Pembina’s deal to buy Kinder Morgan Canada _ including its ownership of the Canadian portion of the Cochin pipeline – is an all-shares deal valued at $2.3 billion including the assumption of preferred shares and outstanding net debt.

In addition, it said it would pay roughly $2.05 billion in cash to purchase the U.S. side of the Cochin pipeline from Kinder Morgan, Inc., which owns 70% of Kinder Morgan Canada.

The Cochin pipeline runs 2,900 kilometres between Fort Saskatchewan, northeast of Edmonton, and Chicago and has a design capacity of up to 110,000 barrels per day.

It imports into Canada a prized light petroleum called condensate which is used to dilute oilsands bitumen to allow it to flow in a pipeline.

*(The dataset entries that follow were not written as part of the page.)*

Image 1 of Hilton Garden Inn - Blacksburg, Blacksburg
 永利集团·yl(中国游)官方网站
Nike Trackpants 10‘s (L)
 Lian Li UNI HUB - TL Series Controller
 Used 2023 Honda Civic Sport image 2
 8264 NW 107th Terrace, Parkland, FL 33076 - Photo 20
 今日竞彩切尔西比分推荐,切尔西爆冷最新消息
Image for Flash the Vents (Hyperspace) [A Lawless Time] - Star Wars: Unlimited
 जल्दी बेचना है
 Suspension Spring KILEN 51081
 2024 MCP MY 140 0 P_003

The deal also includes an Edmonton storage and terminal business and Vancouver Wharves, a bulk storage and export-import business.

“We believe KML’s assets will be a great fit with Pembina’s business and this transaction is highly beneficial to KML’s shareholders,” said Steve Kean, CEO of both Kinder Morgan Canada and its US-based parent, in a news release.

“This transaction gives KML’s public shareholders the opportunity to participate in a larger and growing platform of North American midstream energy assets.”

The Cochin pipeline is one of two cross-border condensate import pipelines and it both complements Pembina’s existing condensate infrastructure in Western Canada and further extends the company’s reach into the US, Dilger said on the call.

The pipeline was once used to send propane from Canada into the US, he pointed out, adding Pembina will have the option to reverse the line to export crude oil if demand for condensate ebbs.

It is offering 0.3068 of a Pembina share per Kinder Morgan Canada share and class B unit, thus delivering a 38% premium, the companies said. Kinder Morgan Canada shares were up by about 34 per cent at $14.74 in afternoon trading.